S’agissant des réfugiés et demandeurs d’asile, la délégation a indiqué qu’un projet de loi est en cours d’élaboration. Une base d’enregistrement des réfugiés et demandeurs d’asile a par ailleurs été créée afin de faciliter le traitement des dossiers. Actuellement, environ 2800 réfugiés et demandeurs d’asile sont recensés sur le territoire tadjik, dont 2157 ont obtenu le statut de réfugié; 108 demandes sont en cours d’examen. On compte environ 430 enfants réfugiés, a précisé la délégation.  Les personnes apatrides – essentiellement des personnes qui ne se sont pas enregistrées auprès des autorités compétentes après la dissolution de l’URSS - sont au nombre de 770.  En 2016, environ 300 personnes ont pu régulariser leur situation et obtenir un passeport. Toutes les personnes apatrides résidant plus de cinq ans sur le territoire national peuvent obtenir la nationalité tadjike. Une Commission sur la citoyenneté a été créée, qui traite les dossiers et les transmet ensuite au Gouvernement, lequel octroie la nationalité aux demandeurs. Un projet de loi d’amnistie pour les apatrides est en cours d’élaboration, a précisé la délégation. En 2016, 59% des enfants afghans réfugiés ont pu fréquenter des écoles publiques et 29% des écoles privées. Un peu plus d’une centaine d’hommes et 143 femmes réfugiés ont trouvé un emploi avec l’aide de l’État, a en outre fait valoir la délégation.
 
La délégation a mis l’accent sur la réduction du taux de mortalité enregistrée au Tadjikistan, en particulier en 2015.  L’espérance de vie, qui pour sa part a augmenté, est aujourd’hui de 73,5 ans pour les hommes et de 71,7 ans pour les femmes.
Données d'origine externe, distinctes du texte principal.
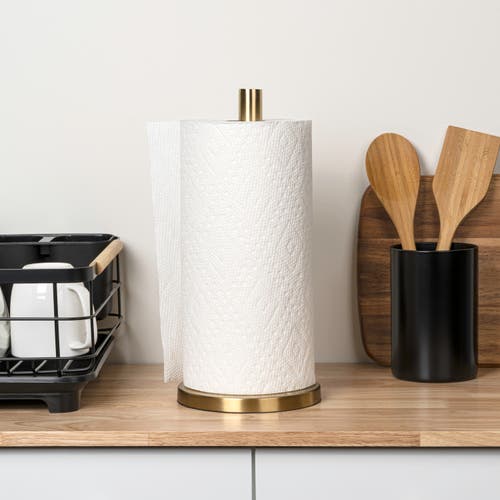 Happimess Avery Modern Classic Metal With Non Slip Weighted Marble Base Paper Towel Holder In Gold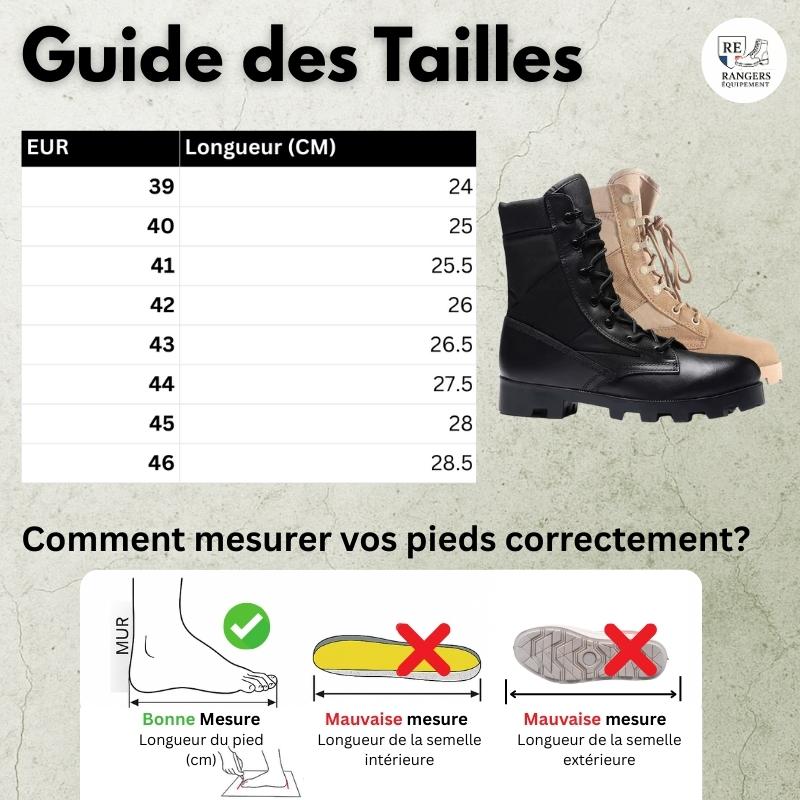 Guide des tailles pour la chaussure rangers femme ShadowStep, avec tableau de correspondance tailles EU et longueurs en centimètres, aperçu visuel du modèle et schéma explicatif pour bien mesurer la longueur du pied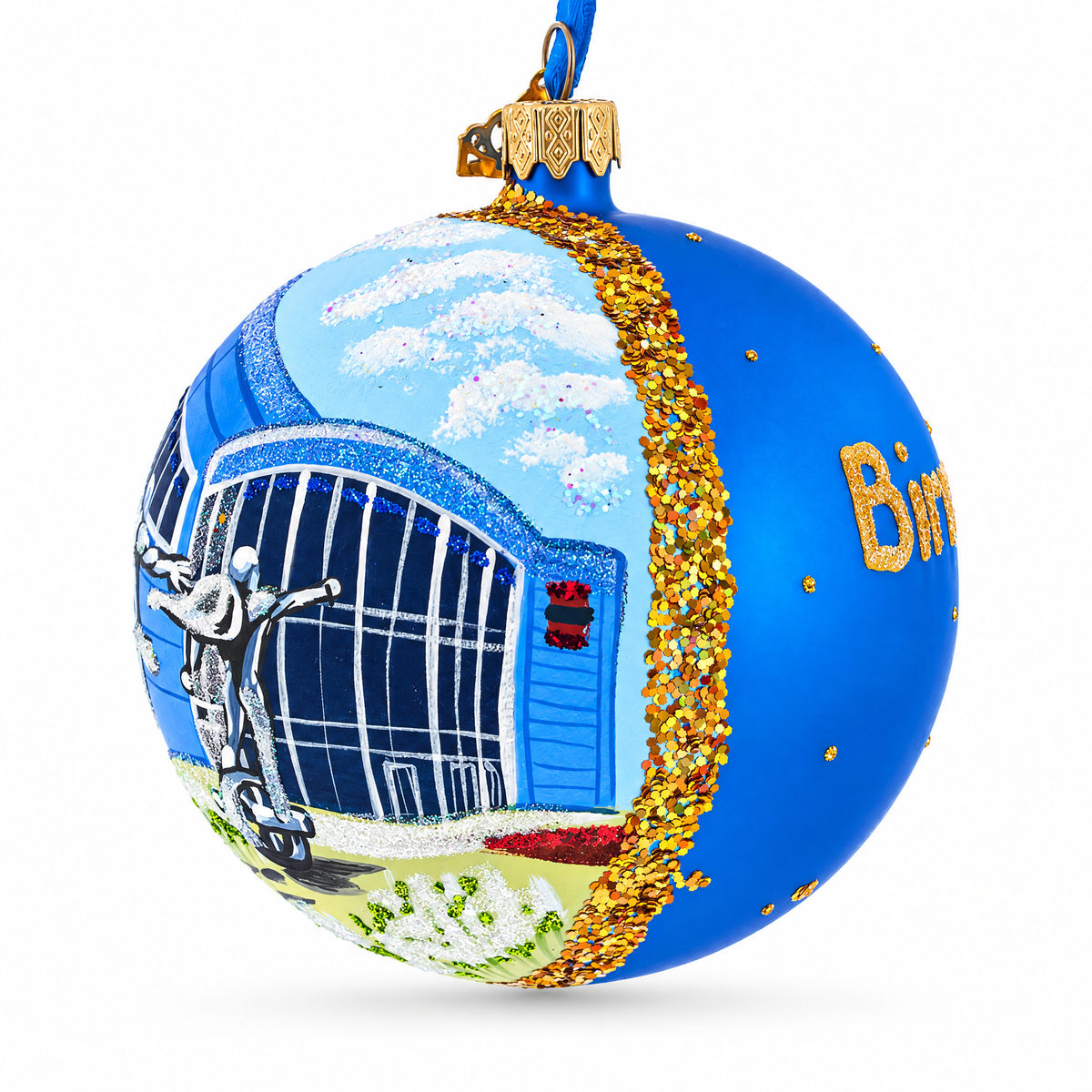 Barber Vintage Motorsports Museum, Birmingham, Alabama Glass Ball Christmas Ornament 4 Inches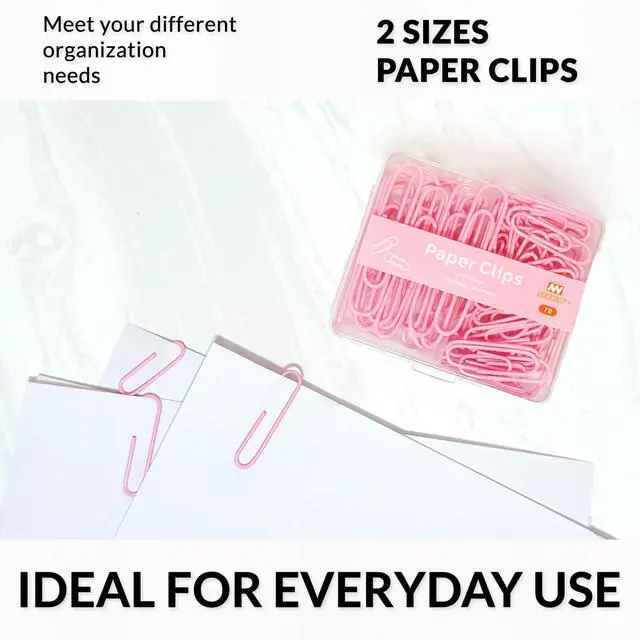 Alt view image 2 of 6 - NEEWAY Colorful Paper Clips, Assorted Sizes, Small and Large, 70 Count, Light Pink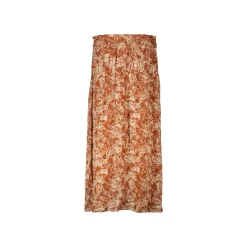 Slowlove Falda Capa Estampada Con Frunces Naranja Sale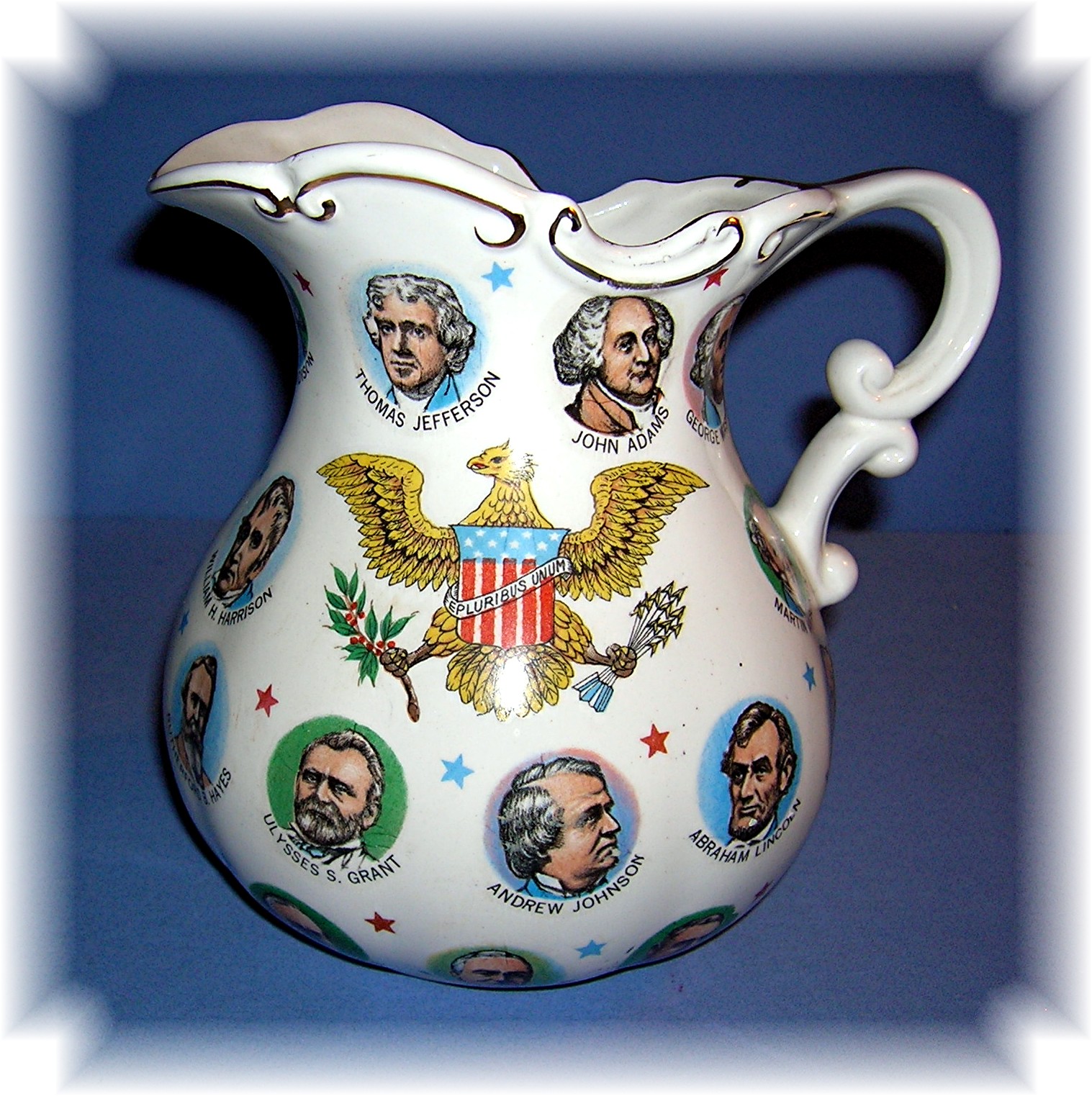 Ceramic Presidents Pitcher Washington to Johnson 65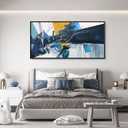 KLAKLA Wall Art for Living Room - Blue Abstract Canvas Pictures Framed Artwork for walls Extra Large Prints for Bedroom Above the Bed Decor, 30x60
La mortalité due au sida a également reculé grâce à un accès davantage généralisé aux soins.
 
S’agissant de la traite des êtres humains, le Gouvernement a adopté une nouvelle loi en la matière en 2014, assortie d’un plan national pour sa mise en œuvre. Ce plan régit les activités du fonds de soutien aux victimes de la traite toujours en cours de constitution. Les réparations accordées aux victimes relèvent pour l’heure toujours des autorités locales et nationales, a précisé la délégation. Le Code pénal a été modifié afin d’incorporer des dispositions relatives à l’incrimination de l’utilisation de contenus à caractère pédopornographique et de l’esclavage. Plus de 500 enquêtes pour des faits de traite ont été lancées pendant la période couverte par le présent rapport, donnant lieu à deux procédures judiciaires. 
 
S’agissant des mariages entre nationaux et étrangers, la délégation a indiqué qu’un groupe de travail avait été créé afin de lutter contre l’esclavage sexuel qui se cache parfois derrière les mariages contractés à l’étranger.
 
Concernant la participation de la société civile à l’élaboration du rapport, la délégation a souligné qu’il était courant de faire appel à différents acteurs et organisations, notamment de la société civile, pour la rédaction de ce type de rapports. Avec l’appui du bureau régional du Haut-Commissariat aux droits de l’homme, le Tadjikistan a lancé, en 2014, un site web sur la réalisation de ses obligations internationales. Tous les rapports périodiques du Tadjikistan y sont publiés et y sont également consignés les efforts déployés par l’État aux fins de l’application des instruments internationaux auxquels le pays est partie – ceci en tadjik, en russe et en anglais.
 
En 2016, les dispositions qui régissent les compétences de l’Ombudsman ont été modifiées, a souligné ensuite la délégation. Parmi les nouveautés, il est à noter que celui-ci peut maintenant lancer des enquêtes de sa propre initiative. Un groupe de travail a en outre été créé afin de prendre les dispositions nécessaires aux fins de l’obtention du statut « A » pour cette institution nationale de droits de l'homme. Un responsable des droits de l’enfant a par ailleurs été désigné afin de perfectionner la législation et sensibiliser la population en la matière; depuis sa nomination, celui-ci a lancé 39 enquêtes sur les conditions de vie dans les centres d’accueil pour enfants.